Task details. Write out the records below once more, exactly as they stand.

Information supplied.

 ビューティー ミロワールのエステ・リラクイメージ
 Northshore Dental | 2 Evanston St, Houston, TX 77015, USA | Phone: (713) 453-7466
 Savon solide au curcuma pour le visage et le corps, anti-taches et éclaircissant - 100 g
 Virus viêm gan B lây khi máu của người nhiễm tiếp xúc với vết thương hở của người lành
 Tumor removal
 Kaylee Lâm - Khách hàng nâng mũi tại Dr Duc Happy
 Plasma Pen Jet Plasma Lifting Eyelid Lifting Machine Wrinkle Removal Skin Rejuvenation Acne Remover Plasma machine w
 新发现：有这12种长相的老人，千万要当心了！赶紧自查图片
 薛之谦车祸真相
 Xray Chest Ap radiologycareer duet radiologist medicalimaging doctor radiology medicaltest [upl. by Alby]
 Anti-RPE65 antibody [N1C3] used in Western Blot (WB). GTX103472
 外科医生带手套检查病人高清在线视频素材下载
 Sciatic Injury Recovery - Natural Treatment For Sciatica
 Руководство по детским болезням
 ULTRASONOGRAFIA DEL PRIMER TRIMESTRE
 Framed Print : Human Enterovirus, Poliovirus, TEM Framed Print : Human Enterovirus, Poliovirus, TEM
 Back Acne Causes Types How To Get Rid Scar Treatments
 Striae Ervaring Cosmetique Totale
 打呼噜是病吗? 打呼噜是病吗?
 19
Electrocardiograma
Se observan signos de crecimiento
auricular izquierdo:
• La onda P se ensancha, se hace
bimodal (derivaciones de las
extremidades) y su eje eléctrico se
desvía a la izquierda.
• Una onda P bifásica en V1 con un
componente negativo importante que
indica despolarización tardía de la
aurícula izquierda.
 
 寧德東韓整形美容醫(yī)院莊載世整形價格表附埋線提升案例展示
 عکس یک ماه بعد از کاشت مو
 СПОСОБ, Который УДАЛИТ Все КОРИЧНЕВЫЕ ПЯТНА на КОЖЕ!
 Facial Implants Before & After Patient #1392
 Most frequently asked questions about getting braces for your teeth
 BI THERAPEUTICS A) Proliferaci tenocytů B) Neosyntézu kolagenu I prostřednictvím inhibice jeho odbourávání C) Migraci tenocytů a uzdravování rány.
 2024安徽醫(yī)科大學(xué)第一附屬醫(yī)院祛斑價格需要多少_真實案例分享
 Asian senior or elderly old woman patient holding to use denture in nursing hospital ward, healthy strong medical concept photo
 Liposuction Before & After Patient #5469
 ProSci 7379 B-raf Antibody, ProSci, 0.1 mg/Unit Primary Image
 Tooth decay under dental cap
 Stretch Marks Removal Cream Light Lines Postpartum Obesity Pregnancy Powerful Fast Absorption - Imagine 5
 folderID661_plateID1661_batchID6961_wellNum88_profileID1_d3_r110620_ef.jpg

Result of this exercise.
 ビューティー ミロワールのエステ・リラクイメージ
 Northshore Dental | 2 Evanston St, Houston, TX 77015, USA | Phone: (713) 453-7466
 Savon solide au curcuma pour le visage et le corps, anti-taches et éclaircissant - 100 g
 Virus viêm gan B lây khi máu của người nhiễm tiếp xúc với vết thương hở của người lành
 Tumor removal
 Kaylee Lâm - Khách hàng nâng mũi tại Dr Duc Happy
 Plasma Pen Jet Plasma Lifting Eyelid Lifting Machine Wrinkle Removal Skin Rejuvenation Acne Remover Plasma machine w
 新发现：有这12种长相的老人，千万要当心了！赶紧自查图片
 薛之谦车祸真相
 Xray Chest Ap radiologycareer duet radiologist medicalimaging doctor radiology medicaltest [upl. by Alby]
 Anti-RPE65 antibody [N1C3] used in Western Blot (WB). GTX103472
 外科医生带手套检查病人高清在线视频素材下载
 Sciatic Injury Recovery - Natural Treatment For Sciatica
 Руководство по детским болезням
 ULTRASONOGRAFIA DEL PRIMER TRIMESTRE
 Framed Print : Human Enterovirus, Poliovirus, TEM Framed Print : Human Enterovirus, Poliovirus, TEM
 Back Acne Causes Types How To Get Rid Scar Treatments
 Striae Ervaring Cosmetique Totale
 打呼噜是病吗? 打呼噜是病吗?
 19
Electrocardiograma
Se observan signos de crecimiento
auricular izquierdo:
• La onda P se ensancha, se hace
bimodal (derivaciones de las
extremidades) y su eje eléctrico se
desvía a la izquierda.
• Una onda P bifásica en V1 con un
componente negativo importante que
indica despolarización tardía de la
aurícula izquierda.
 
 寧德東韓整形美容醫(yī)院莊載世整形價格表附埋線提升案例展示
 عکس یک ماه بعد از کاشت مو
 СПОСОБ, Который УДАЛИТ Все КОРИЧНЕВЫЕ ПЯТНА на КОЖЕ!
 Facial Implants Before & After Patient #1392
 Most frequently asked questions about getting braces for your teeth
 BI THERAPEUTICS A) Proliferaci tenocytů B) Neosyntézu kolagenu I prostřednictvím inhibice jeho odbourávání C) Migraci tenocytů a uzdravování rány.
 2024安徽醫(yī)科大學(xué)第一附屬醫(yī)院祛斑價格需要多少_真實案例分享
 Asian senior or elderly old woman patient holding to use denture in nursing hospital ward, healthy strong medical concept photo
 Liposuction Before & After Patient #5469
 ProSci 7379 B-raf Antibody, ProSci, 0.1 mg/Unit Primary Image
 Tooth decay under dental cap
 Stretch Marks Removal Cream Light Lines Postpartum Obesity Pregnancy Powerful Fast Absorption - Imagine 5
 folderID661_plateID1661_batchID6961_wellNum88_profileID1_d3_r110620_ef.jpg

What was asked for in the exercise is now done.